Categories: Better Business
Topics: strategy| BestInvest| Hargreaves Lansdown
What should you do if a friend or family member wants financial advice? Maria Merricks asks advisers for their tips.
Having friends as clients has always been a bit of a grey area. On the one hand, you want the best for them and they know and trust you well. On the other, what if something goes wrong?
“Money can change people’s attitudes,” says Adrian Lowcock, senior investment adviser at Bestinvest. “You hear of it in so many different situations: friends who have rented or bought a house together, or a husband and wife who have ended up divorced. You certainly do not want a situation where friends end up losing money and blaming you.”
With this in mind, what is the best way to protect your friendships?
Whether it is in the back of a taxi or at a dinner party with friends, mention you are an IFA and the questions will soon follow: what do you think of an ISA? Is my pension right for me? In these situations it can prove difficult to separate opinion from advice. What is the best way to deal with it?

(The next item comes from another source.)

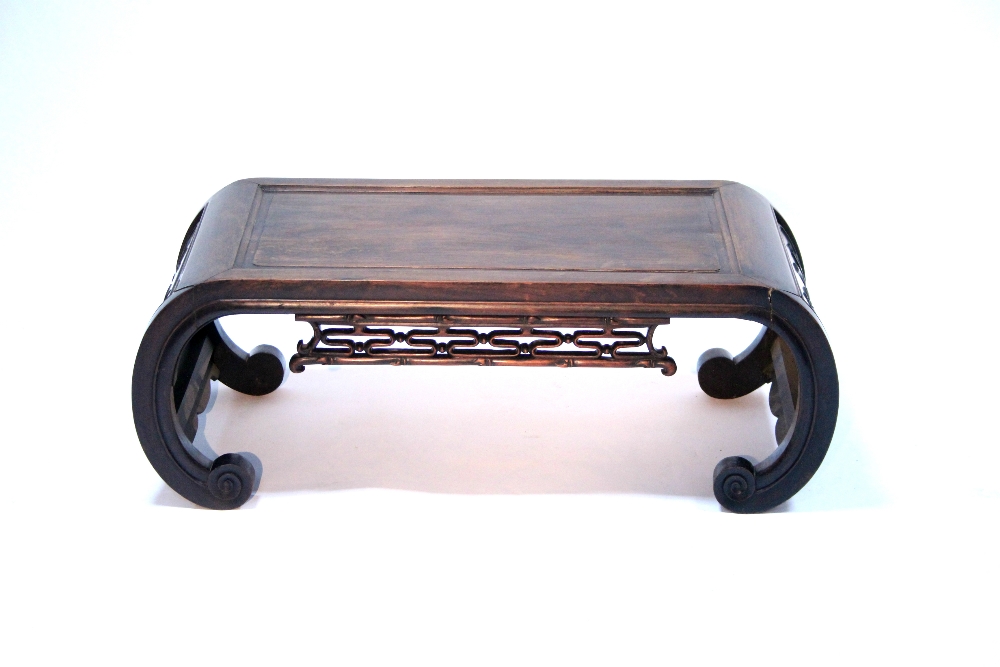 A Chinese hardwood rectangular low occasional table with pierced frieze to both sides, the scroll - Bild 2 aus 2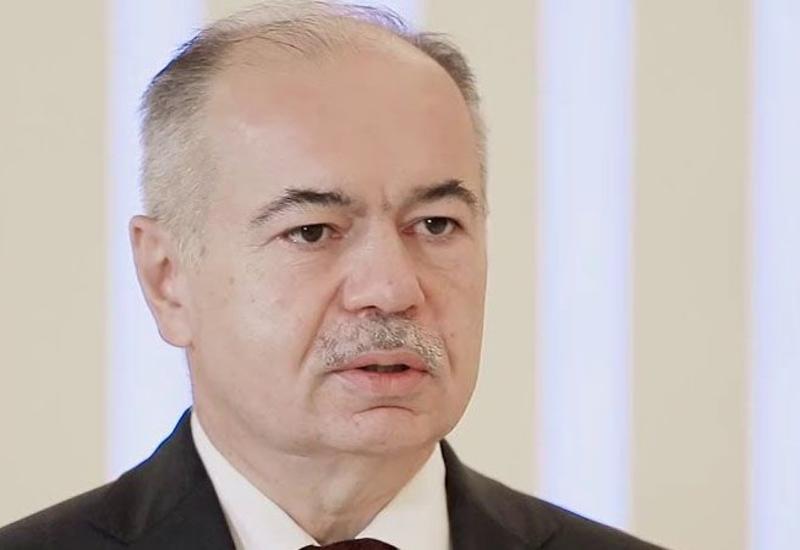 Ильяс Умаханов поздравил Президента Ильхама Алиева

Danny Cox, head of advice at Hargreaves Lansdown, says advisers need to be careful to give an honest but neutral reply. In cases where the issue needs more than a quick response, Cox will highlight the fact he needs to be a bit more involved and will suggest they pick it up at a different time.
“You do not want to give them some off the cuff advice that might be inaccurate and so, people are usually quite happy with that,” he says.

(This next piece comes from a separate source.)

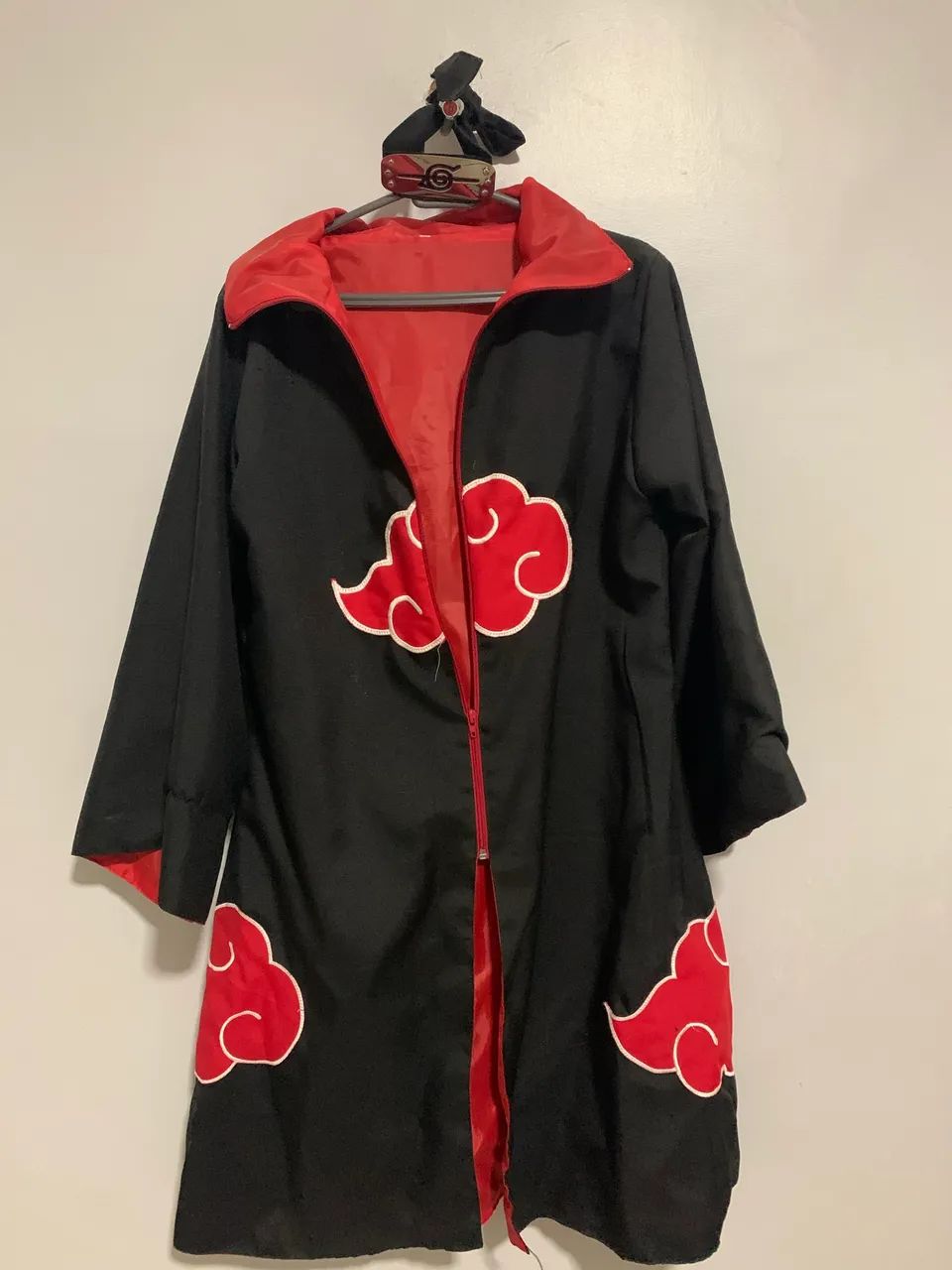 Manto Akatsuki + Bandana Itachi + Anel Itachi - Foto 3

All very well, but now they have arranged to see you as a potential client – what next?
Dave Penny, managing director at Invest Southwest, has been advising friends for years. For him, the situation is simple: treat friends exactly the same as you would any other client, perhaps even more professionally.
He suggests starting the advice process as normal: before the first meeting send out the relevant terms of business with a client agreement and a budget planner to complete. Outline the objectives for the discussion and give them time to prepare all the necessary information.
At the beginning of the meeting advisers should introduce themselves formally, outline what they do and how they work, then they should conduct the discussion fully and formally, agreeing on the objectives. Crucially, for Penny, all meetings should be at the adviser’s office:
“I will never go to a friend’s home as you are most likely to end up with the television on and talking to wives and children. Along the way I have learnt things tend to go wrong when you abandon the structure of meetings and I tend to feel uncomfortable I have not done a professional job.